What needs to be done: Beginning with the line that contains "Seat Leon 1.4", copy each remaining line of the data below exactly.

Web page caption snippets
▬▬▬▬▬▬▬▬▬▬

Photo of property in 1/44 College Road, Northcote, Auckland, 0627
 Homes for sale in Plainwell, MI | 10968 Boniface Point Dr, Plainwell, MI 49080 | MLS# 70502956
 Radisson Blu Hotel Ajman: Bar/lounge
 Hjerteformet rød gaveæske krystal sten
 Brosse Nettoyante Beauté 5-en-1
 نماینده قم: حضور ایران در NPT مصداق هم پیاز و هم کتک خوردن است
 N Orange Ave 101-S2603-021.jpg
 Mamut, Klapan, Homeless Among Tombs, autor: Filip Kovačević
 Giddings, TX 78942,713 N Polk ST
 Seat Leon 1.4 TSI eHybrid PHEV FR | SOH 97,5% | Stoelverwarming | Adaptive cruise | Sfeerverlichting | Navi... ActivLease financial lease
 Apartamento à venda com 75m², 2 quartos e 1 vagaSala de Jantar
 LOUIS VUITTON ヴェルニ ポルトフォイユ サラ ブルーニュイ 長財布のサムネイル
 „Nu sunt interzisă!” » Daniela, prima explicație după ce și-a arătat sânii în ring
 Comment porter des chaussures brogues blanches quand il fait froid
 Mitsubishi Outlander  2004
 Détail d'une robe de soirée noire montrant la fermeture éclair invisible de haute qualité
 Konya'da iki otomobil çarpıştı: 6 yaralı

▬▬▬▬▬▬▬▬▬▬

Result below:
 Seat Leon 1.4 TSI eHybrid PHEV FR | SOH 97,5% | Stoelverwarming | Adaptive cruise | Sfeerverlichting | Navi... ActivLease financial lease
 Apartamento à venda com 75m², 2 quartos e 1 vagaSala de Jantar
 LOUIS VUITTON ヴェルニ ポルトフォイユ サラ ブルーニュイ 長財布のサムネイル
 „Nu sunt interzisă!” » Daniela, prima explicație după ce și-a arătat sânii în ring
 Comment porter des chaussures brogues blanches quand il fait froid
 Mitsubishi Outlander  2004
 Détail d'une robe de soirée noire montrant la fermeture éclair invisible de haute qualité
 Konya'da iki otomobil çarpıştı: 6 yaralı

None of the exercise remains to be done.